▶ [What you should do]:
Search the entries for the word "Large" and copy each line that has it.

^^^^^^^^^^^^^^^^

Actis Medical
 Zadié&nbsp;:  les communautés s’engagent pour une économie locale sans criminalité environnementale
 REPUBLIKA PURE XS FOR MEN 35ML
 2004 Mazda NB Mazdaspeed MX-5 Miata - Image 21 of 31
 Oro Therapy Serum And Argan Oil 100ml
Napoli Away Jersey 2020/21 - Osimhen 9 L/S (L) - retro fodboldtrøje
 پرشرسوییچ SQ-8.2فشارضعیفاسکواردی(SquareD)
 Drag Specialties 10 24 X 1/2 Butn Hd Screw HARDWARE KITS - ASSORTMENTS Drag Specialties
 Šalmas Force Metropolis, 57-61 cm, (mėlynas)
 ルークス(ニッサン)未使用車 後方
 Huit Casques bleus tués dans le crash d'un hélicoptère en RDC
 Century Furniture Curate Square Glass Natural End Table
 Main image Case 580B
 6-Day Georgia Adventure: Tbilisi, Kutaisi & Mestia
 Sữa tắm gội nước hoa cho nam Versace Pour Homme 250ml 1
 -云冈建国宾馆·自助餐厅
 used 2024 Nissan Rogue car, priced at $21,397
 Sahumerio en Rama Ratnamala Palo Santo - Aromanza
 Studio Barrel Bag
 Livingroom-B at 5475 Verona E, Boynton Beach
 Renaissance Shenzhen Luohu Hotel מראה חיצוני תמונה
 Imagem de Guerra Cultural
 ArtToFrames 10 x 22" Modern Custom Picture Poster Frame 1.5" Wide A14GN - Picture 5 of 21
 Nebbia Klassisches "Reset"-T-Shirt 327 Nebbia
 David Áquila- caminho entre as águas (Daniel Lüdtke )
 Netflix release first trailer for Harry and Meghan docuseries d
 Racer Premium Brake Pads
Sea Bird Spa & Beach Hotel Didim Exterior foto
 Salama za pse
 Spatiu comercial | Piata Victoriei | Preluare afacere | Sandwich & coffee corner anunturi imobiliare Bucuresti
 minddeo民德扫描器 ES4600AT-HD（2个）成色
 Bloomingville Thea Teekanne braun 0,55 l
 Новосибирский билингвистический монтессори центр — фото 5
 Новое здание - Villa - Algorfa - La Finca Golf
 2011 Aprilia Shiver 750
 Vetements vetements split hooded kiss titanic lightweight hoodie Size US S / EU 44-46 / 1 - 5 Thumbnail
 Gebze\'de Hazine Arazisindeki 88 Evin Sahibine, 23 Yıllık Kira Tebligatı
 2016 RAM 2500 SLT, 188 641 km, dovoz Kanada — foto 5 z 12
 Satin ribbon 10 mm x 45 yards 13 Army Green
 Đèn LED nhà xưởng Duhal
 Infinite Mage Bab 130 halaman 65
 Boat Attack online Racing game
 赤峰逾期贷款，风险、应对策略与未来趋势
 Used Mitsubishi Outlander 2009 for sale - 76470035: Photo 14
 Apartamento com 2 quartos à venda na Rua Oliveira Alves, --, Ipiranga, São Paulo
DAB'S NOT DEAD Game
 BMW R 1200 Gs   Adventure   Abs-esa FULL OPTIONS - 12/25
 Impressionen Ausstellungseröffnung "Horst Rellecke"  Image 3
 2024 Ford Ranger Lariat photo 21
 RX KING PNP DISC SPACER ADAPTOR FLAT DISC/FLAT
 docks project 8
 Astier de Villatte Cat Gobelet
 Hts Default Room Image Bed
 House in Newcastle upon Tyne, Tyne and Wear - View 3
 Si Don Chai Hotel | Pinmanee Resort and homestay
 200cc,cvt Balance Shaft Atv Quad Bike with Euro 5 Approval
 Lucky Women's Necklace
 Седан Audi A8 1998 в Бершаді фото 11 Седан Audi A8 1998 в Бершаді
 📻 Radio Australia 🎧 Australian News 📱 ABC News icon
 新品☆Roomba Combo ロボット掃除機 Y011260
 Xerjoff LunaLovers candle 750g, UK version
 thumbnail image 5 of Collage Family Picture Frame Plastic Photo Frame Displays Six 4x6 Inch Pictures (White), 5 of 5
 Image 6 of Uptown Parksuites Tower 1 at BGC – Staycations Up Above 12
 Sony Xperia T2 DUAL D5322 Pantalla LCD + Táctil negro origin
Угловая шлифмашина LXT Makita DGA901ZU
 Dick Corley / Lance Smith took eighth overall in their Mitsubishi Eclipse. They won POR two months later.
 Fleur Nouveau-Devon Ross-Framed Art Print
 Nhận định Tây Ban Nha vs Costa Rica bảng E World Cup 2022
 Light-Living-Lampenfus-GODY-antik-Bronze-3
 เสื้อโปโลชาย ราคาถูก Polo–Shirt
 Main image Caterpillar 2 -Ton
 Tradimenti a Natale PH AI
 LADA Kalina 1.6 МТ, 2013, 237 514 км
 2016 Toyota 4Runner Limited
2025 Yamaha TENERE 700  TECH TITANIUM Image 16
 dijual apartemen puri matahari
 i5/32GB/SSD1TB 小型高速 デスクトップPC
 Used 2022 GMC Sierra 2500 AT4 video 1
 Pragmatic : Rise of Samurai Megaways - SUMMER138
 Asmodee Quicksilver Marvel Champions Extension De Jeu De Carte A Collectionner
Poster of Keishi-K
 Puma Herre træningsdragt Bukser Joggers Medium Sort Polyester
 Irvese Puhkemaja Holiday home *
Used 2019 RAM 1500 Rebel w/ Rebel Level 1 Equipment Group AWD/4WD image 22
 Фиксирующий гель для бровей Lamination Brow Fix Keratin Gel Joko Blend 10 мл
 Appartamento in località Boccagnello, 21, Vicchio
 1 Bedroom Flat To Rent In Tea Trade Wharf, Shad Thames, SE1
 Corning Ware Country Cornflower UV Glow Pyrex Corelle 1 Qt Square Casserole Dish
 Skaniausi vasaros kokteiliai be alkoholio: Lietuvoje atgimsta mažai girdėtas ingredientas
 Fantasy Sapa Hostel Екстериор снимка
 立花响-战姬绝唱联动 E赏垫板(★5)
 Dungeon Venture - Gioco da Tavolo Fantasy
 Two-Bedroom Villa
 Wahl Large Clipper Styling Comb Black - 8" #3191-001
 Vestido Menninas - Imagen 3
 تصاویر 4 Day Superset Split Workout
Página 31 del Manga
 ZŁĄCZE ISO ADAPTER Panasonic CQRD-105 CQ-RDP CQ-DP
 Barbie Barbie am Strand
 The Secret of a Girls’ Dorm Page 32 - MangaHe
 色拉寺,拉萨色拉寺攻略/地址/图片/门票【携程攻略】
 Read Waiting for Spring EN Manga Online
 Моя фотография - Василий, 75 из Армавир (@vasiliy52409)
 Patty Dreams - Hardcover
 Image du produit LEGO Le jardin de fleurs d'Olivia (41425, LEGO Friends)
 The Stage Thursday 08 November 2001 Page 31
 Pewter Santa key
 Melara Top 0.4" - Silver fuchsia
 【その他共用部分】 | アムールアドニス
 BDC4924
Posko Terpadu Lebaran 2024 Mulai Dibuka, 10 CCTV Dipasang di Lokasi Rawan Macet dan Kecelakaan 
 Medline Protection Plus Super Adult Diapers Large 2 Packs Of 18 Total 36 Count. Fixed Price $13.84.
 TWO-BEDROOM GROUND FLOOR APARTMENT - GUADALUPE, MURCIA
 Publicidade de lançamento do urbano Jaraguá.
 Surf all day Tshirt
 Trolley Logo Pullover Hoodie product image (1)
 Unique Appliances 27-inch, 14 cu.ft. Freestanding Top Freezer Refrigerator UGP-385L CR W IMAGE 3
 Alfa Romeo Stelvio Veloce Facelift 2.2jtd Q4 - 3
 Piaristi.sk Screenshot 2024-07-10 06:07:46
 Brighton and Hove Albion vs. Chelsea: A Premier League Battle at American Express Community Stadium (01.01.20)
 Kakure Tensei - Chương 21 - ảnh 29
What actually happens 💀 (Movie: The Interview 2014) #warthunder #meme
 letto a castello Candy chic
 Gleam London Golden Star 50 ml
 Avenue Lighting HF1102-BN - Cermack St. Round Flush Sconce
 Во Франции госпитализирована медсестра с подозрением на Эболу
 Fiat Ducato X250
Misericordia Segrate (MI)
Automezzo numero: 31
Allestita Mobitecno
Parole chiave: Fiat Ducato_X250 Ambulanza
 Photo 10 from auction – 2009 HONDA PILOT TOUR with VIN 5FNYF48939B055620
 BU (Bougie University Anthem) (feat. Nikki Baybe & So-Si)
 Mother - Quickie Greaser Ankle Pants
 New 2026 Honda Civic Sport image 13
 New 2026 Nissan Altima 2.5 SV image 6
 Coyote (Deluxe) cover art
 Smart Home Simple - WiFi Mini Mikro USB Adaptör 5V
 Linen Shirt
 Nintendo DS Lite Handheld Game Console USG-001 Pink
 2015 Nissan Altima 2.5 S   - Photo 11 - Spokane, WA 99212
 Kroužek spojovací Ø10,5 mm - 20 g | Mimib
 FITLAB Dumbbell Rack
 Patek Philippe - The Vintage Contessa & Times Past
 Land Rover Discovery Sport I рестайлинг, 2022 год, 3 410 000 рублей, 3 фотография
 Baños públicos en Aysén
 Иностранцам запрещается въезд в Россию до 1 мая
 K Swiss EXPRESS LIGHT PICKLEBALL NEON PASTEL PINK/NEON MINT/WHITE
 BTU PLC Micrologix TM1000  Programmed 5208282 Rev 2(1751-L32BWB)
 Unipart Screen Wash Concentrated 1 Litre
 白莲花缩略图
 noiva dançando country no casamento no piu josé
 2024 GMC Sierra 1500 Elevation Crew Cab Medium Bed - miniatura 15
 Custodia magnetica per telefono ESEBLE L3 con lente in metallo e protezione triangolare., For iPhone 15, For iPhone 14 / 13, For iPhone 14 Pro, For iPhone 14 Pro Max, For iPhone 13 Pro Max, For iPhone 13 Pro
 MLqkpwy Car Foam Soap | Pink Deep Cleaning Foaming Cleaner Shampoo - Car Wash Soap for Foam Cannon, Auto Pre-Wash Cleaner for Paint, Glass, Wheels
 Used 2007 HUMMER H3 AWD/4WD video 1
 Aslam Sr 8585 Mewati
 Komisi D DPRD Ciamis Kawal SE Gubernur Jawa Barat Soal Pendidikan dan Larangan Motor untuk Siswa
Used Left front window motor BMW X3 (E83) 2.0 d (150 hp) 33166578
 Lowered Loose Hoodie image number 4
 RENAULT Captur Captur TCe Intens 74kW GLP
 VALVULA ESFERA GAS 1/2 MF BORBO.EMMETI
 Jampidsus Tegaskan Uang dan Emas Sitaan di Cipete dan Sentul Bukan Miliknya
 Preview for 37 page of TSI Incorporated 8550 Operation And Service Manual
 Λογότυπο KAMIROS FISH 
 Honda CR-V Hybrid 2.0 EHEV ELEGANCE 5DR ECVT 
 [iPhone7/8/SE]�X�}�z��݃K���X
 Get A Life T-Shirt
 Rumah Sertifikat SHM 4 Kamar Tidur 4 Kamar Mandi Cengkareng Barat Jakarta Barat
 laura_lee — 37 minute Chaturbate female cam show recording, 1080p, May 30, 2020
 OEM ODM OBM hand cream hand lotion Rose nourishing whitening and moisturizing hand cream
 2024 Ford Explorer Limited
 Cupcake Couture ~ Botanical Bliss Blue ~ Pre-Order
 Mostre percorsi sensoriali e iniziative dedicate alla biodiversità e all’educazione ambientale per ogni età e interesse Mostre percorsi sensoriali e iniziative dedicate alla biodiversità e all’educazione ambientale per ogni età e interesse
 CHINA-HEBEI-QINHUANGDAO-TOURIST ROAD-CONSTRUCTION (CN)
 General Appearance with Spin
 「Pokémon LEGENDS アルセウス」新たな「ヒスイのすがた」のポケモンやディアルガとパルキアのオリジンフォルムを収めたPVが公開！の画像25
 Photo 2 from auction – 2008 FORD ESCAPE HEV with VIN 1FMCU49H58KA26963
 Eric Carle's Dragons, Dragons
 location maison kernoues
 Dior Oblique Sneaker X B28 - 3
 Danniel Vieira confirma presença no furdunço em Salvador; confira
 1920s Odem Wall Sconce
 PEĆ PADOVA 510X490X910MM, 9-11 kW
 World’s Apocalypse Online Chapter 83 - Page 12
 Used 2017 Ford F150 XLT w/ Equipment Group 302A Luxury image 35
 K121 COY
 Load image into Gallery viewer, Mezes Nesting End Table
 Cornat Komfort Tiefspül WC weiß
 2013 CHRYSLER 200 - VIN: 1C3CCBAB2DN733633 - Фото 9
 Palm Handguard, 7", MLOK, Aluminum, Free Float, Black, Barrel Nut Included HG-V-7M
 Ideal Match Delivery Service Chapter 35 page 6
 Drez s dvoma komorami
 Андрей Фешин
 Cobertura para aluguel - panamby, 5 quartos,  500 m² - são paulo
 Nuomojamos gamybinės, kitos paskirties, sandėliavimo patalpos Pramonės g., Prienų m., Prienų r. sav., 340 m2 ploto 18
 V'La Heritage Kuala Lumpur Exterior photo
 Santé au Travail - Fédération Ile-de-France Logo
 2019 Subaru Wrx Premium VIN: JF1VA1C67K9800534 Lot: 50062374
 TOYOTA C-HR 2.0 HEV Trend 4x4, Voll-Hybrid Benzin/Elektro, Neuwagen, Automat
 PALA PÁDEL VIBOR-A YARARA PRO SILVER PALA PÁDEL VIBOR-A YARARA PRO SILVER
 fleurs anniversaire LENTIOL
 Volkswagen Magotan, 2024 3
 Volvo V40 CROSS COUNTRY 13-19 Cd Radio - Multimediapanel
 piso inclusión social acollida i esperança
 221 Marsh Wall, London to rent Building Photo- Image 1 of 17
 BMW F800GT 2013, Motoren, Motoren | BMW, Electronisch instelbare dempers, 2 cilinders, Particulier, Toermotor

^^^^^^^^^^^^^^^^

▶ [Answer box]:
 Wahl Large Clipper Styling Comb Black - 8" #3191-001
 Medline Protection Plus Super Adult Diapers Large 2 Packs Of 18 Total 36 Count. Fixed Price $13.84.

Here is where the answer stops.